Today, I resumed my ordinary work schedule. The basic 9–5 (or 8–4:30 in my case). I was unable to work due to a lack of childcare. In the mist of my unplanned vacation, I was able to bond with my child, care for our home, and rest in the comfort of stillness. I was also able to make time for God. Every morning I rose before my daughter to pray and have God speak to me via the Word of God. Making room for God is easy when you’re not on a restricting schedule.
But as last week came to a close, I pondered how I would give God time. How could I squeeze Him into my packed schedule? I normally would work Him in while I ate breakfast. However, that always felt like inadequate time for God. It felt rushed and in turn, I didn’t feel a real connection to what I was reading — let alone a connection to God. As work days rolled by, work would obviously consume my time. After work, being a mother and a wife would take the remainder of my day.
How was I to make enough time?
God knows my heart though, right? He understands that my love for Him remains the same and those 5 to 15 minutes in the mornings should be enough, right?

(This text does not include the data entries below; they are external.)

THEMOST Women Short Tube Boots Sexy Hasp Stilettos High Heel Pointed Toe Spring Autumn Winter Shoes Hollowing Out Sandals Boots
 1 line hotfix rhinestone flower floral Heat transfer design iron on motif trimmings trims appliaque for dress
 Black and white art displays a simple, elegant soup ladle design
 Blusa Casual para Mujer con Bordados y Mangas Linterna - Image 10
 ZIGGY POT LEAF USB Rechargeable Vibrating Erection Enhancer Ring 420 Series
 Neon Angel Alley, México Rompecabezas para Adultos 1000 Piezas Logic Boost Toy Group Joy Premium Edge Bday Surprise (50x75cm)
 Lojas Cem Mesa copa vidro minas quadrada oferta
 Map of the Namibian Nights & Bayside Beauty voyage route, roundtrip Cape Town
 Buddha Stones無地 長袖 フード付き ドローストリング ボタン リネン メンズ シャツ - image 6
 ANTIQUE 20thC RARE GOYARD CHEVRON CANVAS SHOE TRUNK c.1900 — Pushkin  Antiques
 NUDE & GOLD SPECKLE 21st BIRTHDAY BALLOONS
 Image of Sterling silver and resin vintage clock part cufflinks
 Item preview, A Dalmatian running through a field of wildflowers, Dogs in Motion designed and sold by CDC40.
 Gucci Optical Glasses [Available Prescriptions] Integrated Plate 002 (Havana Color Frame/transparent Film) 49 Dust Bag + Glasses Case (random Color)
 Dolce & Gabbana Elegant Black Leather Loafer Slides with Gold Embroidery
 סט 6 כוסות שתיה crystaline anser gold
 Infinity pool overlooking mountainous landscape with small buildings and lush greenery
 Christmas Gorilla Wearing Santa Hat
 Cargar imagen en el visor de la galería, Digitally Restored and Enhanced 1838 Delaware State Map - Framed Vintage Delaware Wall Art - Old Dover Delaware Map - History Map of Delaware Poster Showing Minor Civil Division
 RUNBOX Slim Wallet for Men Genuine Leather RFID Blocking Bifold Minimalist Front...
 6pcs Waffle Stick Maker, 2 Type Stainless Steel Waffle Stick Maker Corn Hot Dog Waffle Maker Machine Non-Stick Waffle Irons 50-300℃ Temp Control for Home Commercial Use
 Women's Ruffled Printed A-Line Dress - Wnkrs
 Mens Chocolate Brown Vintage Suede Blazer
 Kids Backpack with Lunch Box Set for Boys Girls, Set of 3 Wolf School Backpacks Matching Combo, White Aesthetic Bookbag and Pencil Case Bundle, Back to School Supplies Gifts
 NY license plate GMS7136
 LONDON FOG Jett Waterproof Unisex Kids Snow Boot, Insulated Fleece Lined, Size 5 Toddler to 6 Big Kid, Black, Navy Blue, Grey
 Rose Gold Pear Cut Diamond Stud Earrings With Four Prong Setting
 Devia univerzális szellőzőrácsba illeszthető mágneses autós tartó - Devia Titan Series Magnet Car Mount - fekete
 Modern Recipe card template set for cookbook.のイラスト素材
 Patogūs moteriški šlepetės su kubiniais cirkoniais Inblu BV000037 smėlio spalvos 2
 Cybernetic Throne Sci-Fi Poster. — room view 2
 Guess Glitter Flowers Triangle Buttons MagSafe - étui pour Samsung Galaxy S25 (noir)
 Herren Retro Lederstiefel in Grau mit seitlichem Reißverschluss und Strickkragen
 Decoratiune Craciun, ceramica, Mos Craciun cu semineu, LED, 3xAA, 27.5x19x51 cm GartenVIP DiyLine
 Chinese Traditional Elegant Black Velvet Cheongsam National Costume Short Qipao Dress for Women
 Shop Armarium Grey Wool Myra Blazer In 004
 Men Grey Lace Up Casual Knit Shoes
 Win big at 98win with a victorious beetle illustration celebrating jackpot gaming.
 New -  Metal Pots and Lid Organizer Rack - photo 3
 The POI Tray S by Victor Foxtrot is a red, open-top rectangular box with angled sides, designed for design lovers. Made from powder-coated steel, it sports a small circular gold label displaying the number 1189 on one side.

I have always LOVED sleep. I still enjoy it but as a mother of a 1 year old, sleep is not at the top of my priority list anymore. Having a child shifts your perspective and you realize it’s not about you anymore. Sleep has to wait because caring for your child is more important. I would wake up at 5 a.m. everyday just to pump for breast milk. I would pump 3 times a day at work and one more time at home in the evenings.
Everything I did revolved around my daughter’s nursing schedule and my pumping schedule. I sacrificed A LOT just so I could give her the best. My sleep didn’t matter. If I fell behind at work, it didn’t matter. Anyone potentially being offended by public nursing didn’t matter. Nothing mattered except for making sure I maintained my milk supply and ensuring my baby was healthy and satisfied.
Then, I had to ask myself…Is breast milk more important than God?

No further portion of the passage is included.